Sévane, pas impressionné, s’assit calmement dans la cuisine, sortit de son sac le thé enroulé dans le tissu, une petite théière en argile et sa gourde. Soulimane attendit impatiemment et fut servi par Sévane avec un verre évasé typique de Turquie. Le gros bonhomme sentit le thé, palpa le beau liquide de ses grosses lèvres d’ours. Les arômes de thé s’emparèrent de son nez, de ses papilles, le remuèrent entièrement, avant de le laisser en paix et de beaux rêves s’installèrent dans ses yeux. "Ce thé est excellent." s’exclama-t-il de sa voix énorme et il envoya une telle claque sur l’épaule de Sévane qu’il en fut renvoyé dans la cuisine comme une plume.

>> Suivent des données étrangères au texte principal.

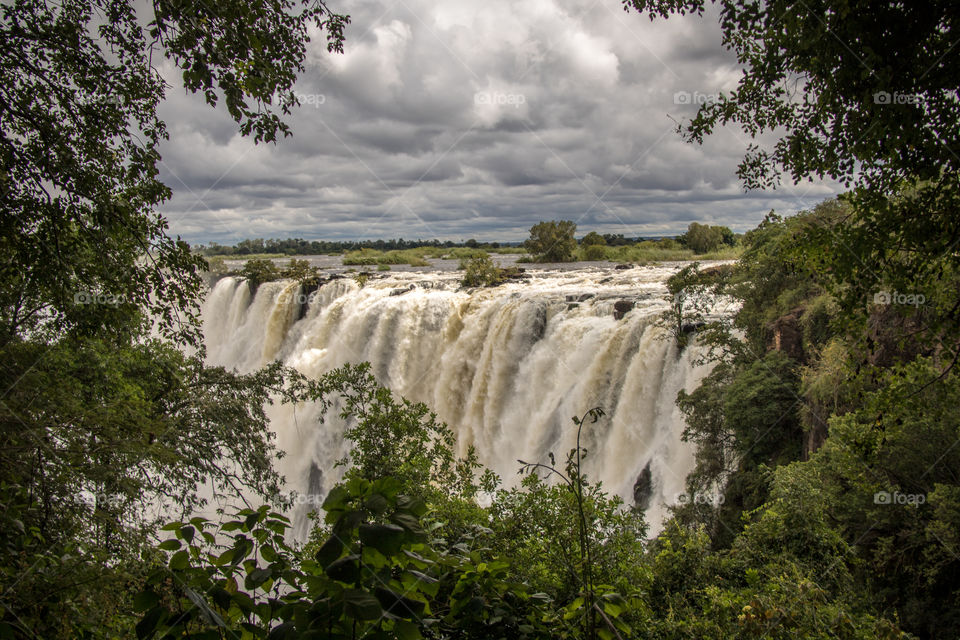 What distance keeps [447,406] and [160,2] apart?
571 inches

A partir de ce jour, il se dit que Sévane fut adopté par Soulimane. Ils firent tous les deux le meilleur thé d’Orient. Il se dit aussi qu’avant la mort de Soulimane les deux hommes firent un long voyage à travers l’Europe, jusqu’à Paris, et qu’à la mort du bonhomme, Sévane attristé s’ébouillanta pour la première et la dernière fois de sa vie. Cela lui arriva dans le Marais, à l’intérieur d’un petit salon de thé qui faisait aussi office de restaurant, un endroit que Sévane aimait parce qu’il était simple et beau. Il s’installa quelques temps près de ce salon de thé, prit son temps et enseigna l’art du thé aux gérants qui le transmirent ensuite de génération en génération. Avant son retour vers Constantinople, ceux-ci renommèrent le lieu en hommage à Sévane. D’ailleurs, en Anatolie, il se dit encore que cet endroit à Paris, "l’Ebouillanté", et la maison de thé bleue de Soulimane, qui se trouve toujours quelque part dans le marché couvert d’Istanbul et que vous pouvez voir si vous cherchez bien les arômes de thé en humant l’air, se ressemblent étrangement : de tous deux se dégagent une tranquillité et une bonne odeur de thé, d’Orient et d’Occident.